Com a sanção da referida Lei a música retorna triunfantemente ao currículo escolar, mas deixa “no ar” muitos pontos que precisam ser esclarecidos, por exemplo: haverá número suficiente de professores habilitados na área? Se não, quem ministrará essas aulas? Os professores de Arte têm formação especifica e/ou suficiente na área?


O objetivo da Lei não é o de formar músicos profissionais ou especialistas, a Educação Musical auxilia no desenvolvimento social, cultural, psicomotor e estimula o contato com diferentes linguagens, contribui para a sociabilidade e democratiza o acesso à Arte.

Tocar, ouvir, criar, aprender uma canção, produzir instrumentos rítmicos e entender sobre a História da Música são pontos fundamentais do ensino de música, e são também atividades que despertam, estimulam e desenvolvem o gosto pela música.

A professora Especialista, Teca Alencar de Brito, do Departamento de Música da USP e criadora da Teca Oficina de Música, afirma:

“Não se pode ensinar música a partir de uma visão utilitarista. Estamos falando de arte. É preciso explorar as sensibilidades”.

Em razão de seu poder criador e liberador a música é um recurso poderoso para ser usado no processo educacional, é também uma excelente ferramenta no controle do estresse infantil, causando forte e direto impacto no comportamento da criança e, enquadra-se perfeitamente na proposta pedagógica de ensino sobre o ciclo de aprendizagem das inteligências múltiplas (Howard Gardner):
· Dinâmico;
· Imaginativo Relacional;
· Senso Comum;
· Analítico.

Bem como seus desdobramentos:
· Lingüística;
· Matemática;
· Espacial;
· Cinestético;
· Musical;
· Interpessoal;
· Intrapessoal;
· Ambientalista.

A música é a única disciplina que engloba e incorpora todos esses aspectos da percepção humana. Pelo seu potencial em desenvolver diferentes capacidades mentais, motoras, afetivas, sociais e culturais a música se configura como veiculo privilegiado para se alcançar as finalidades educacionais almejadas pela LDB (Lei de Diretrizes e Bases) e PCNs (Parâmetros Curriculares Nacionais).

Ao aprender música, o aluno desenvolve a capacidade de: interpretar e apreciar músicas do próprio meio sociocultural e, as nacionais e internacionais que fazem parte do conhecimento musical construído pela humanidade no decorrer de sua história e nos diferentes espaços geográficos, estabelecendo inter-relações com as outras modalidades artísticas e as demais áreas do conhecimento.
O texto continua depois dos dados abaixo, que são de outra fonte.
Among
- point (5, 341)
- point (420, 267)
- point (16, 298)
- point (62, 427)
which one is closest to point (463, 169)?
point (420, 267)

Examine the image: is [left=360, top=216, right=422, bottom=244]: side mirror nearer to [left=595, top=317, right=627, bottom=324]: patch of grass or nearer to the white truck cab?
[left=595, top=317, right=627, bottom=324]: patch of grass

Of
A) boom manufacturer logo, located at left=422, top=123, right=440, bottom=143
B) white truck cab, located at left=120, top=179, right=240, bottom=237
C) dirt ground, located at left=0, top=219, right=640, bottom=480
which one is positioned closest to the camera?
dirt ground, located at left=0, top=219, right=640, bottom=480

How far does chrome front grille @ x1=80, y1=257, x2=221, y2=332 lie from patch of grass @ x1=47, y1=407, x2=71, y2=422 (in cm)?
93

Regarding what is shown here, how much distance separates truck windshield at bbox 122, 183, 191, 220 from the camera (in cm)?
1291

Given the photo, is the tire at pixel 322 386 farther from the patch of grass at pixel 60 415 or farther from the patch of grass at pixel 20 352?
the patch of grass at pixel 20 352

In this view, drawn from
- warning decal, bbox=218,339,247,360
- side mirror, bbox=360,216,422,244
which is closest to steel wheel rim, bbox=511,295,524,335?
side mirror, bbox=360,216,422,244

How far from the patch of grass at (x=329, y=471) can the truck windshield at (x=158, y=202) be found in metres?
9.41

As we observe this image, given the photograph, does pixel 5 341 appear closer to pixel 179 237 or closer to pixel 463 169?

Desenvolvendo ainda: habilidades, concentração, memória, disciplina, socialização, imaginação e criatividade.

A concepção geral do ensino de música é bem direcionada, se considerarmos que a função da educação musical na escola de ensino fundamental é ampliar o universo musical do aluno.

Isto significa dar-lhe condições para a apreensão da linguagem musical em sua diversidade de manifestações, pois a música, em suas mais variadas formas, é um patrimônio cultural, capaz de enriquecer a experiência expressiva e significativa de cada um.

No entanto, esta função da educação musical tem esbarrado, tradicionalmente, na oposição entre música popular e música erudita - a chamada música "clássica". Estes dois universos da produção musical têm suas formas próprias e opostas de ensino e de aprendizagem, práticas culturais e valores sociais distintos. Deste modo, o ensino dos conservatórios de música - que é um ensino de caráter técnico-profissionalizante - toma como padrão praticamente exclusivo a música erudita, voltando-se, em geral, para a técnica instrumental e para o adestramento no uso da partitura, com as aulas de "teoria musical".

Este ensino, com suas práticas pedagógicas bastante questionáveis, tem historicamente servido como modelo de um ensino "sério" de música, tornando-se referência corrente para as ações educativas na área, inclusive nas escolas de 1o grau / ensino fundamental (cf. Penna, 1995a). Neste quadro, Tourinho (1998, p. 170) caracteriza a atitude dos professores de educação musical por "uma surdez seletiva" em relação à produção musical e pela "reverência à cultura musical notada".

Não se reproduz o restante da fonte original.